Professor: Oh, my God. Life is not a movie script. Humanities and higher education is under attack SUNY Albany just cut their French and Italian programs. The Tea Party may take control of Congress. They believe all college professors are radical Marxists and they are scheming of ways to have us all fired.. You will have a career where people will demand that you constantly justify to them why you exist, and you will begin to question the nature of your own existence.
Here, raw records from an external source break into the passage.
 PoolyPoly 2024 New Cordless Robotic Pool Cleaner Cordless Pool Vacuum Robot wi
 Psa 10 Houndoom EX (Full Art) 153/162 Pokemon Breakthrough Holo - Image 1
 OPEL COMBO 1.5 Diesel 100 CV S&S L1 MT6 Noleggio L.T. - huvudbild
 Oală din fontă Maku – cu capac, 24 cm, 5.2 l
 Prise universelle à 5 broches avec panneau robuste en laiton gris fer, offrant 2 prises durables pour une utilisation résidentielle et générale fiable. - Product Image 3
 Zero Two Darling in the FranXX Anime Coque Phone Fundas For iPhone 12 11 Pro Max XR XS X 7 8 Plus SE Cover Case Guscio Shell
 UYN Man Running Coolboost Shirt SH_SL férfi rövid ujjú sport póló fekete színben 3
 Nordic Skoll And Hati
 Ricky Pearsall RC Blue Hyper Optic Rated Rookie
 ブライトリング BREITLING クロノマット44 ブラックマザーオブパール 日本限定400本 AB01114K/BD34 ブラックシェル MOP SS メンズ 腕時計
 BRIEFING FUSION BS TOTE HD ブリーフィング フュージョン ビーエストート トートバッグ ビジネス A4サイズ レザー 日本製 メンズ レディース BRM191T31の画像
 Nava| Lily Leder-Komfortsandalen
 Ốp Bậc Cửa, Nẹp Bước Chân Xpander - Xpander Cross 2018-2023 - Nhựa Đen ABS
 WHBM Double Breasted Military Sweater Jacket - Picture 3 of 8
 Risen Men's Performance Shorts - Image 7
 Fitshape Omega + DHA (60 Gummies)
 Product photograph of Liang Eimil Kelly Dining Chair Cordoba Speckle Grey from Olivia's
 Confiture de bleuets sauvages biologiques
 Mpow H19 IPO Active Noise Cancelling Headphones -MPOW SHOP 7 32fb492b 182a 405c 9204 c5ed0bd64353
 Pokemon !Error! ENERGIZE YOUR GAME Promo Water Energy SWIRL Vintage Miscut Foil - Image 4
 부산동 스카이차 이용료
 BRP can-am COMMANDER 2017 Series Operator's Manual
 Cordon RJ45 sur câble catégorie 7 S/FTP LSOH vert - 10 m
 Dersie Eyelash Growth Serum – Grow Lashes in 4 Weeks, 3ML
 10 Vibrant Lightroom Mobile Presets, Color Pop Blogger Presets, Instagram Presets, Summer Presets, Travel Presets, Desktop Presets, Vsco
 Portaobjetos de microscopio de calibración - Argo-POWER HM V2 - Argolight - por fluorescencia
You will discover that your own life has been a complete waste and that will be confirmed to you when a student like you walks into your office asking for a recommendation.
Clearly, it struck a nerve, for someone felt motivated to produce “Yes, I Want to Get a PhD in the Humanities” (with the rather unoriginal subtitle, “Response to the video…”)
It in turn produced a stream of critical viewer YouTube comments whose bitterness and cynicism went far beyond anything contained in the first animation.
So, who’s right?
Personally, I couldn’t see what all the fuss was about. A similar entry in the series, in which a totally arrogant and talentless would-be writer attempts to pitch his magnum opus to a jaded agent, has likewise gone viral. And, interestingly, some of the same humanities faculty who hated the piece on the letter of recommendation loved this one. (One expressed the wish for a flat-screen tv on her door, so that she could have it on constant replay, 24/7.)
The subtitle of the original piece really should explain its intent pretty clearly (we're talking about textual interpretation here, folks, and this is not Ulysses): “A bright motivated undergrad decides to ask her professor for a letter of recommendation to graduate school.” Then, again, the student is described as having gotten a "C," which seems contradictory as well as bizarre (you almost have to try to achieve that, given grade inflation nowadays). Perhaps, too, poor choice of the stock computerized voice assigned to the student made her sound stupid rather than merely full of the youthful idealism that we, too, once possessed.
In any case, I think the reactions were so strong because devoted scholars and teachers, lovers of culture, somehow felt their character and raison d’être threatened. At a time of economic insecurity, when the humanities face the twin threats of budget cuts and declining appreciation for seemingly non-utilitarian intellectual endeavors in society as a whole, they no doubt felt they were being told that their lives had been futile, based on a lie or a misconception.
When I was growing up, it was an annual spectacle to watch the rural Republican legislators denounce all those "lazy" professors at the large state university who never did any work. These critics apparently identified work with "contact hours," i.e. the time faculty were contractually obligated to spend with students. Fine. By that standard, I suppose we are lazy but far from the laziest or best-paid: the average professor may have 6 to 8 hours in the classroom per week and a couple more in office appointments, whereas the pro football player does, by the same measure, about 3 hours of work—and the clergy, at the bottom of this totem pole (in both quantity of labor and social utility), maybe one to one and a-half hours of work (depends on the religion and the golf schedule).
In all seriousness, I'm the first to admit that we are lucky and privileged: we do what we love and get paid for it, we enjoy unusual job security, we are to a rare extent (if not completely) in control of our own work time, conditions, and obligations, and we get long vacations, even if that vacation consists not in freedom from work, and rather, in the freedom to configure that work time in more flexible (though also more intensive than average) ways.
Still, graduate study and the academic career (the fantasies of state legislators and other critics notwithstanding) are no picnic, and prospective applicants need to be made aware of that. We work long hours, but unlike unionized wage laborers, we don't get paid extra for overtime. I would estimate (based on observation and previous studies) that my colleagues work, on average, 60-85 hours per week at their jobs. Some of that time is spent on research, which is necessary for professional advancement, but whose costs—travel to libraries and archives, attendance at national or international conventions—are (contrary to what the second video suggests) paid largely out of pocket unless one works at one of the wealthiest and most elite institutions.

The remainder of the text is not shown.